Course:CICS525/Notes/ProgrammingModels
< Course:CICS525 | Notes
Outline
- Why do we need new programming models? What are the design options and challenges?
- MapReduce (Google)
- Dryad (Microsoft) + DryadLINQ
Parallel programming can be hard
- complexity: threads, shared data, mutexes, RPC, failure
- dependencies: when can F() and G() run in parallel?
- vs when must G() follow F()?
- does it require experts?
- can the details be hidden?
- One application area: big data-parallel computation
- huge data set
- natural parallelism: can work on different parts of data independently
- image processing
- grep
- indexing
- and many more
Cluster computing
- many machines in one place
- partition data among machines
- each machine computes on its part of the data
- machines communicate when required
- cheaper than big shared-memory multiprocessors
- but less communication capacity
Challenges of cluster computing
- Parallelize application
- Where to place input and output data?
- What parts of the computation to place on what machines?
- How to avoid network bottleneck?
- How to write the application?
- Does the programmer have to indicate what parts can be parallel?

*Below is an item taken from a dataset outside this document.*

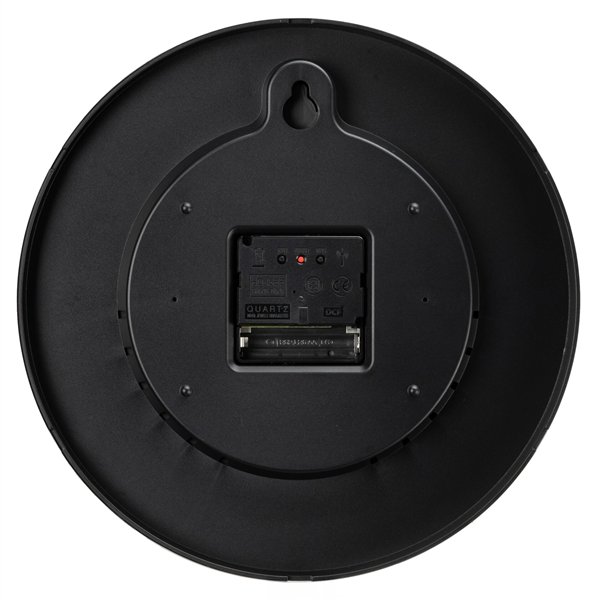 KIENZLE DCF Radio-Control.Wall Clock Modern 25cm rose gold/blk.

- Or can the system figure it out?
- Can the system apply optimizations?
- Balance computations of an application across computers
- Statically (e.g., doable when designer knows how much work there is)
- Dynamically
- Handle failures of nodes during computation
- With a 1000 machines, is a failure likely in a 1 hour period?

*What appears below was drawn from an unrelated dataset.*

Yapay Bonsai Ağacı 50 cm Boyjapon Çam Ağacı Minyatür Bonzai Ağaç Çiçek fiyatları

- Often easier than with say banking applications (or YFS lock server)
- Many computations have no "harmful" side-effects and clear commit points
- Does the programmer have to indicate what parts can be parallel?

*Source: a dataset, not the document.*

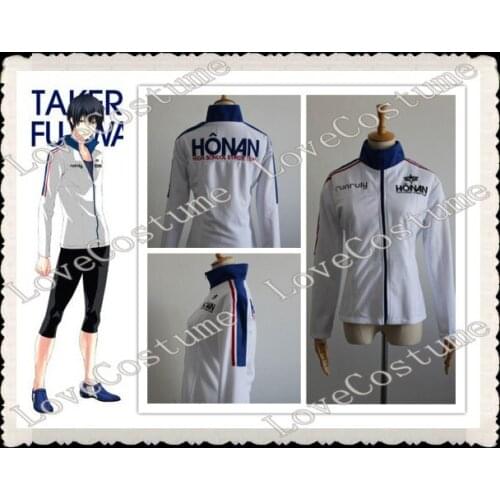 Prince of Stride Riku Yagami Jacket Coat Cosplay Costume Tailor made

- Scheduling several applications who want to share infrastructure
- Time-sharing
- Strict partitioning
MapReduce
Design
- Partition large data set into M split
- a split is equal to a 64 Mbyte part of the input typically
- run map on each partition, which produces R local partitions
- using a partition function R
- run reduce on each intermediate partition, which produces R output files
Programmer interface
map(key, value) -> set of key-value pairs reduce(key, set of values) reduce called once per key, with all values for that key
- Example: word count
- split input files into big pieces
map(split)
- takes one split as input
- parses into words and returns list of word/1 pairs
reduce(word, set)
- set of "1"s from maps for this word
- adds them
- outputs the number of occurrences of each word
Implementation overview for programmers
- (Figure 1 from MapReduce article - see readings)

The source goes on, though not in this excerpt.